The announcement is to be made at 9:00 pm from the East Room of the White House.
What we know:
- Mitch McConnell has promised that the vote will take place prior to the November mid-term elections.
- Democrats are left with little power to block Trump’s Supreme Court nominee; thanks to Harry Reid and Barack Obama, rule changes mean a candidate can be approved with a simple majority.
- The potential nominees were narrowed down from a list of 25 administration-approved judges, former judges and one member of Congress, as curated by Leonard Leo, executive vice president of the Federalist Society and Trump’s top Supreme Court adviser. President Trump’s Supreme Court List
There are several “winners” on President Trump’s short list. President Trump said Sunday that:
“We are close to making a decision. Let’s just say it’s the four people. They’re excellent. Every one you can’t go wrong.”

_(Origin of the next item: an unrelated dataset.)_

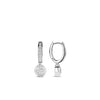 Ti Sento CZ Round Hoop Earrings, Silver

These are rumored to be the four likely candidates, all Federal Appeals Court judges:
- Amy Coney Barrett of Indiana, U.S. Court of Appeals for the Seventh Circuit (age 46), graduate of Notre Dame Law School.
- Thomas Hardiman of Pennsylvania, U.S. Court of Appeals for the Third Circuit (age 53), graduate of Georgetown Law School.
- Brett Kavanaugh of Maryland, U.S. Court of Appeals for the D.C. Circuit (age 53), graduate of Yale Law School.
- Raymond Kethledge of Michigan, U.S. Court of Appeals for the Sixth Circuit (age 51), graduate of University of Michigan Law School.
More about the background and experience of the potential nominees:
All of the candidates are young, and no matter which one is selected, he/she could shape legal doctrine for several decades. All are conservatives, intelligent, educated, and experienced.
Judge Barrett is the least experienced, and potentially most controversial. She is known to be a devout Catholic, and was questioned closely about her beliefs during her confirmation hearing last year. She would almost certainly be targeted for questioning about her beliefs concerning abortion, and how they would influence her decision regarding any challenges to Roe v. Wade that might come before the court.
Raymond Kethledge is a close friend of Justice Neil Gorsuch, and said to be his “ideological twin, his intellectual peer, his real-life fishing buddy, and his close personal friend.” He is the only non-Catholic of the four shortlisters, and an evangelical Christian.
Thomas Hardiman has a strong record in favor of gun rights. When the court he serves on upheld a New Jersey law requiring a gun owner to obtain a permit to carry a gun in public places and to show that he has “a justifiable need”, Hardiman dissented, saying that it was a violation of the Second Amendment to the Constitution by requiring those seeking to carry a handgun to demonstrate a “justifiable need” for such a permit. Hardiman was the first in his family to attend college. He attended Notre Dame for his undergraduate degree and then Georgetown law, paying his way through school by driving a taxi. He serves on the same Court as did the sister of President Trump. Maryanne Trump Barry supported Hardiman’s nomination when he was last considered for the Supreme Court, in 2017.
According to National Review, regarding Brett Kavanaugh: “On the vital issues of protecting religious liberty and enforcing restrictions on abortion, no court-of-appeals judge in the nation has a stronger, more consistent record than Judge Brett Kavanaugh. On these issues, as on so many others, he has fought for his principles and stood firm against pressure. He would do the same on the Supreme Court.” Kavanaugh was Staff Secretary in the Executive Office of the President of the United States under President George W. Bush. Kavanaugh played a lead role in drafting the Starr report, which urged the impeachment of President Bill Clinton. He also led the investigation into the suicide of Clinton aide Vincent Foster. After the 2000 U.S. Presidential election, Kavanaugh worked for the George W. Bush campaign in the Florida recount. In 2003, he was nominated to the Appeals Court, but the nomination was stalled until 2006 because of charges of partisanship.
What do I think? I like all of the nominees, although the two most conservative nominees – Barrett and Kavanaugh – will face the most opposition. I like Barrett very much, but she has the least amount of experience, and might be a better replacement later on for, say, Ginsburg or Sotomayor.
My personal favorite? Raymond Kethledge. He just edges out Barrett in my estimation, but I would be pleased with any of them.